Warning: Do not modify values on the arrays underlying JAX Datetime objects directly using JAX pytree operations (e.g., jax.tree.map). In such cases, normalization from JAX Datetime constructors will be skipped, and you may create invalid objects, for which some operations (e.g., comparisons for equality) will give silently incorrect results:

>>> import jax

>>> hour = jdt.to_timedelta(1, 'hour')

>>> invalid_delta = jax.tree.map(lambda x: 24 * x, hour)  # don't do this!

>>> invalid_delta
jax_datetime.Timedelta(days=0, seconds=86400)

>>> delta == invalid_delta  # untrue!
False

Implementation

Under the hood, Timedelta stores its state in integer arrays of days and seconds. Datetime is implemented as a simple wrapper around Timedelta, indicating a time difference relative to the start of the Unix Epoch (1970-01-01).

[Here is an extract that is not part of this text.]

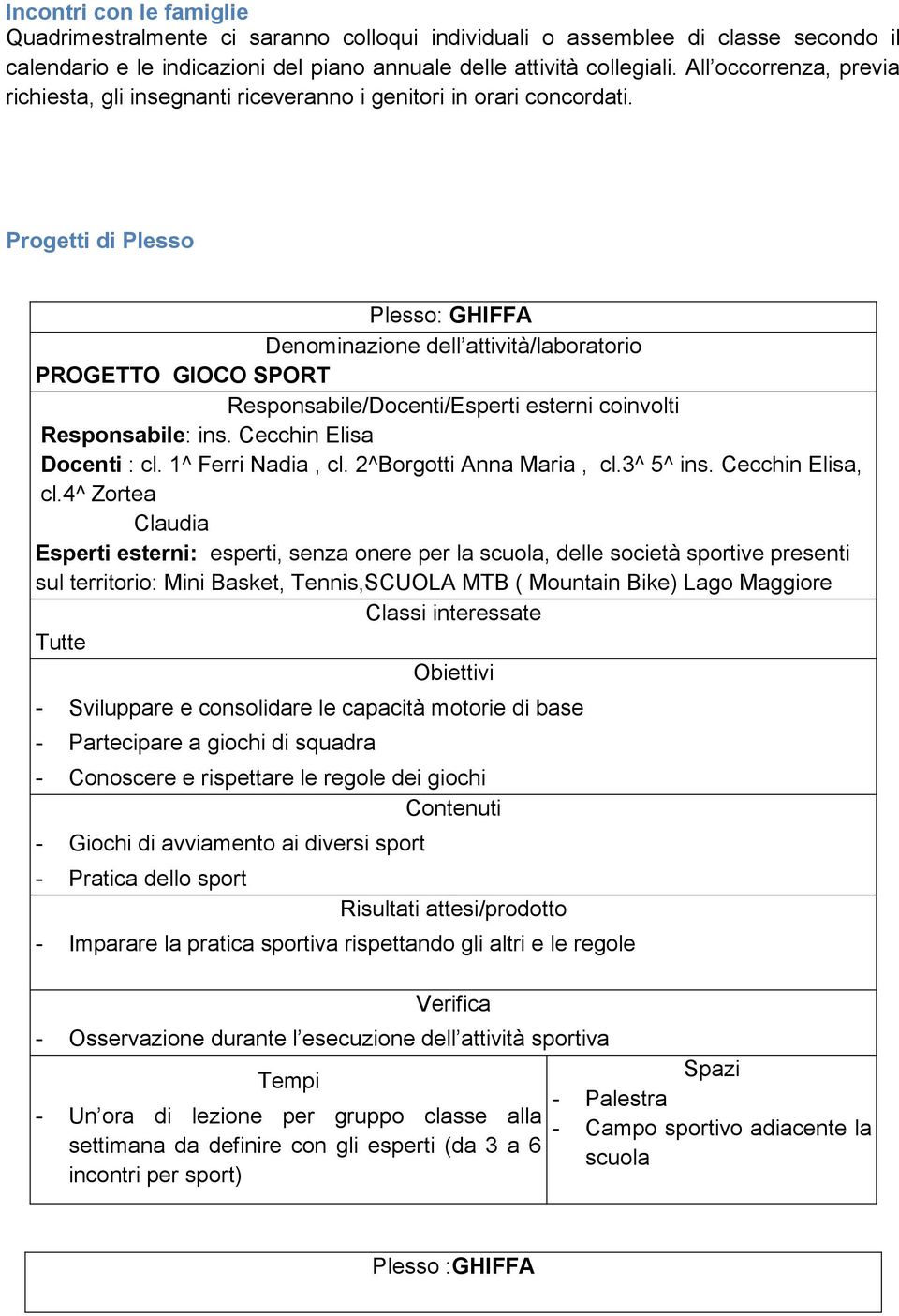 Progetti di Plesso Plesso: GHIFFA Denominazione dell attività/laboratorio PROGETTO GIOCO SPORT Responsabile/Docenti/Esperti esterni coinvolti Responsabile: ins. Cecchin Elisa Docenti : cl.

Like datetime.timedelta, the seconds field in Timedelta is always normalized to fall in the range [0, 24*60*60), with whole days moved into days. Using JAX's default int32 precision, Timedelta can exactly represent durations over 5 million years.

Currently, Timedelta and Datetime objects are implemented as JAX pytrees, We will likely switch the implementation to make use of custom dtypes if they are supported by JAX in the future.

The underlying integer array types wrapped by JAX-Datetime may be either NumPy or JAX arrays. NumPy arrays are preserved by the constructor, but the results of any computation will likely be JAX arrays.